A pocos metros, un grupo de jóvenes intenta
levantar bloques de cemento con las manos desnudas. Uno de ellos, José Ramírez, con el
rostro cubierto de polvo, murmura: “No hay tiempo para esperar máquinas, aquí
debajo hay gente viva. Escuchamos sus golpes, sus voces”.

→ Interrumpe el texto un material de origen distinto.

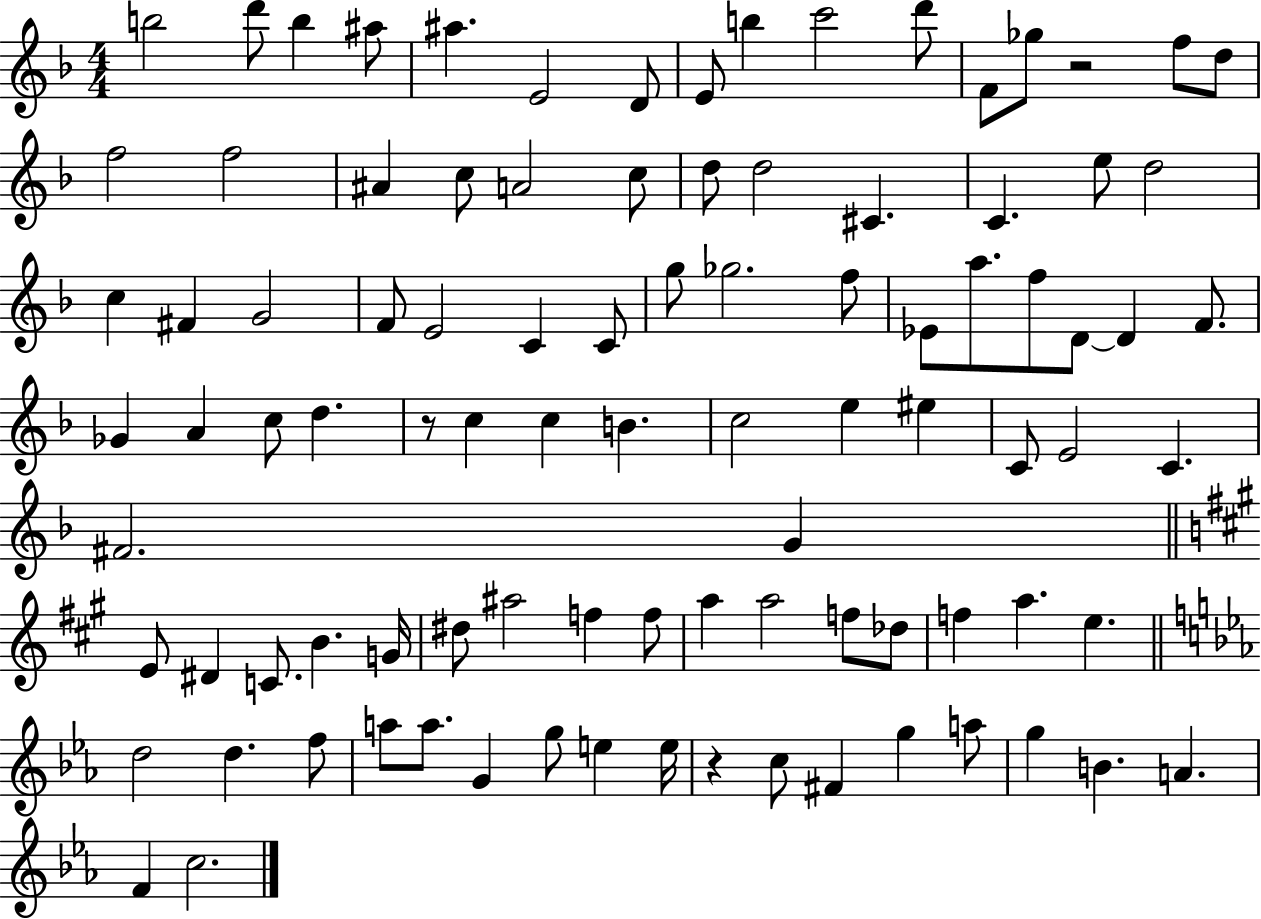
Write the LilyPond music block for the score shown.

Los hospitales improvisan salas en los
pasillos. Médicos exhaustos atienden a los heridos con lo poco que queda. Una
enfermera, con lágrimas en los ojos, confiesa: “No tenemos suficiente agua, ni
electricidad. Pero seguimos, porque si paramos, ellos mueren”.
La ciudad se ha convertido en un mosaico de
escenas desgarradoras:
·
Niños buscando a sus padres entre montañas de ladrillos.·
Ancianos sentados en la acera, con la
mirada fija en lo que antes fue su hogar.
·
Brigadas de rescate que avanzan con
linternas, mientras la noche amenaza con cubrirlo todo.
En cada esquina, el mismo murmullo: “¿Cuántos más faltan? ¿Cuántos más bajo los
escombros?”.
La crónica de este periodista no es solo
relato: es testimonio de un país que tiembla, que sangra, pero que aún resiste.
Porque entre el polvo y el llanto, también se escucha la voz firme de quienes
no se rinden: “Seguiremos buscando, aunque la tierra vuelva a rugir”.